#### Problem details
All that should be output is the block of lines below from the line with "Orangutan Transparent PNG" to the line with "A building inspector’s", both included, exactly as written.

#### Data section
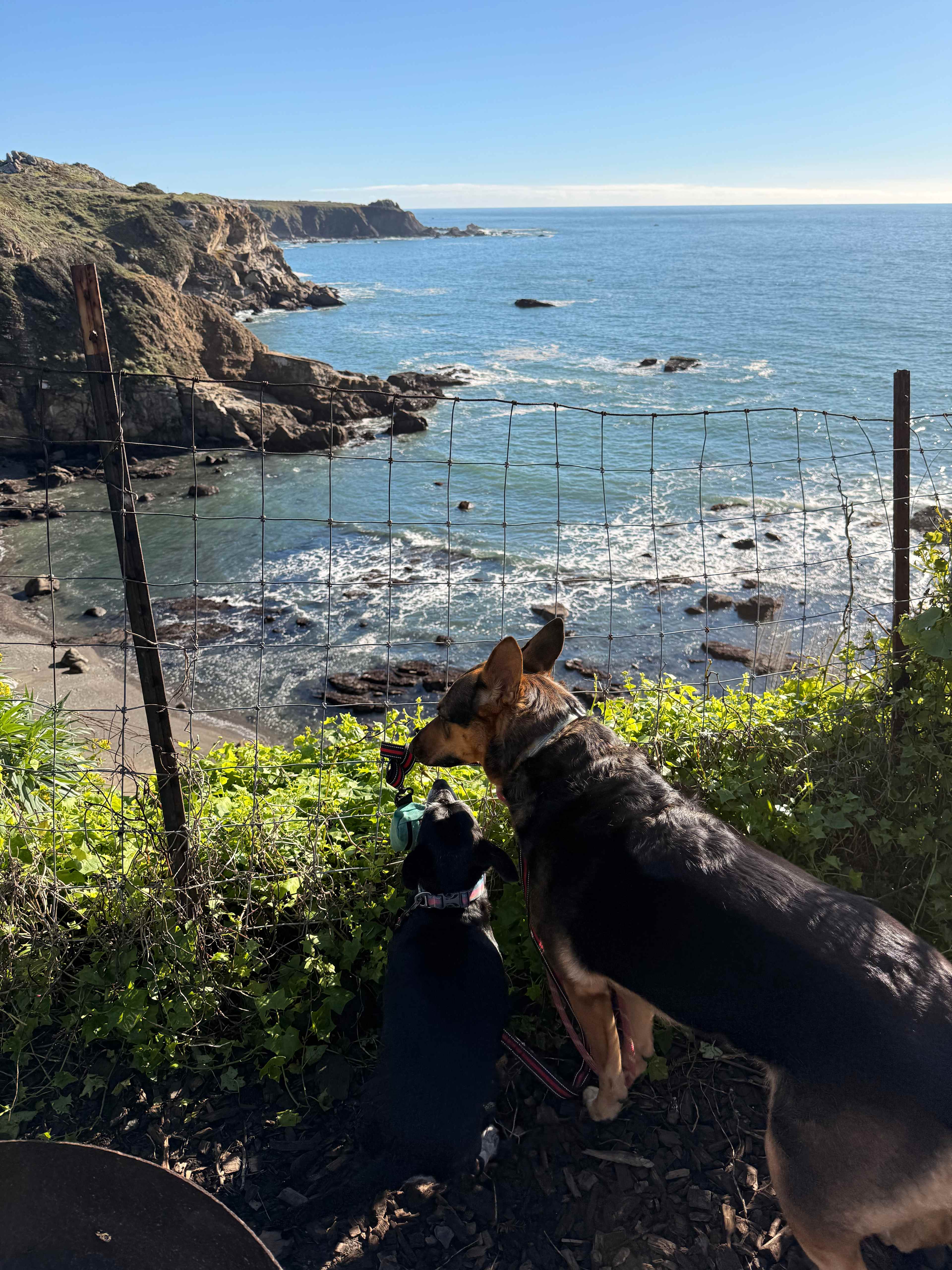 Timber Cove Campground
--
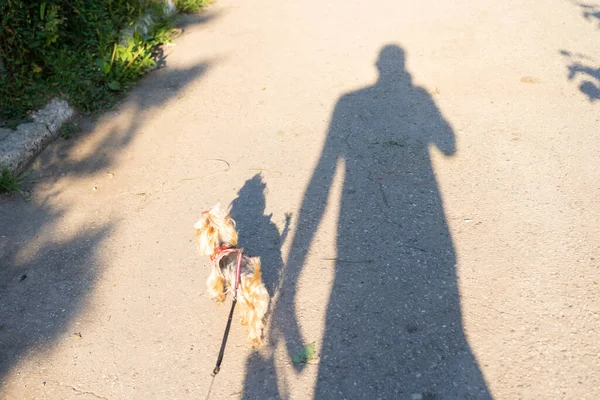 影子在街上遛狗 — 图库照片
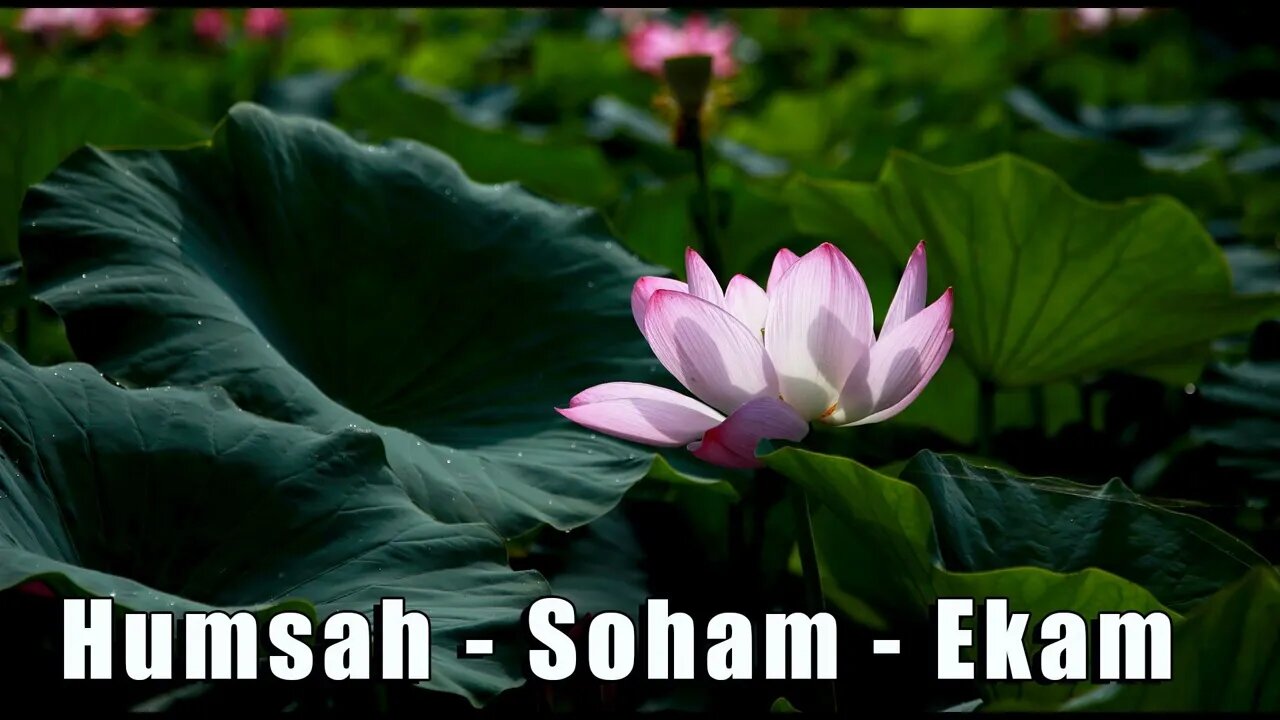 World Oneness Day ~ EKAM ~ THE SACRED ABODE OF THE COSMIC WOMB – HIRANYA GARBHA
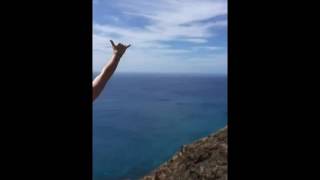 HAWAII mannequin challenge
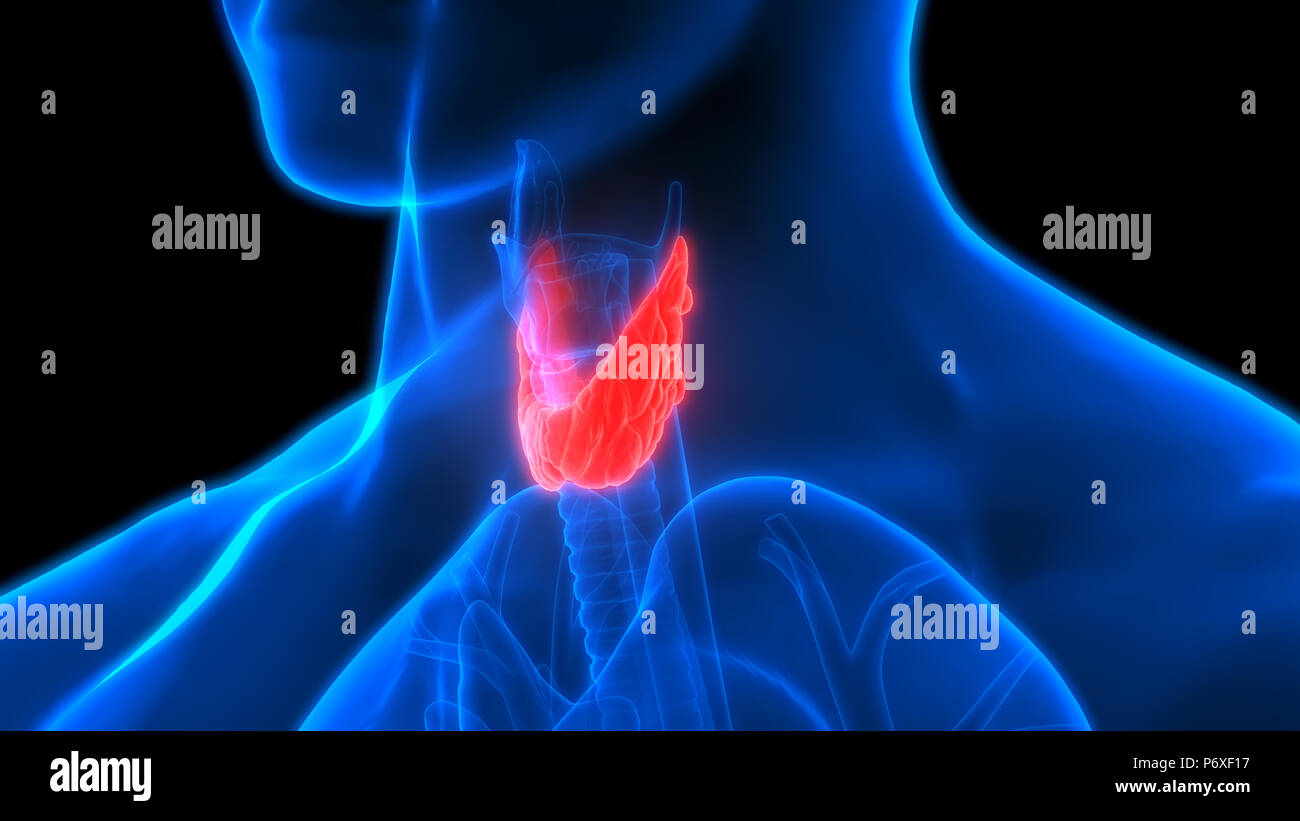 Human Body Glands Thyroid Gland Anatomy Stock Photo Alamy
==
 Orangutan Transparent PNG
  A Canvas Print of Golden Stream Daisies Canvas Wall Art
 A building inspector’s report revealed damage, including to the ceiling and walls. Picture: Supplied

#### Your response
 Orangutan Transparent PNG
  A Canvas Print of Golden Stream Daisies Canvas Wall Art
 A building inspector’s report revealed damage, including to the ceiling and walls. Picture: Supplied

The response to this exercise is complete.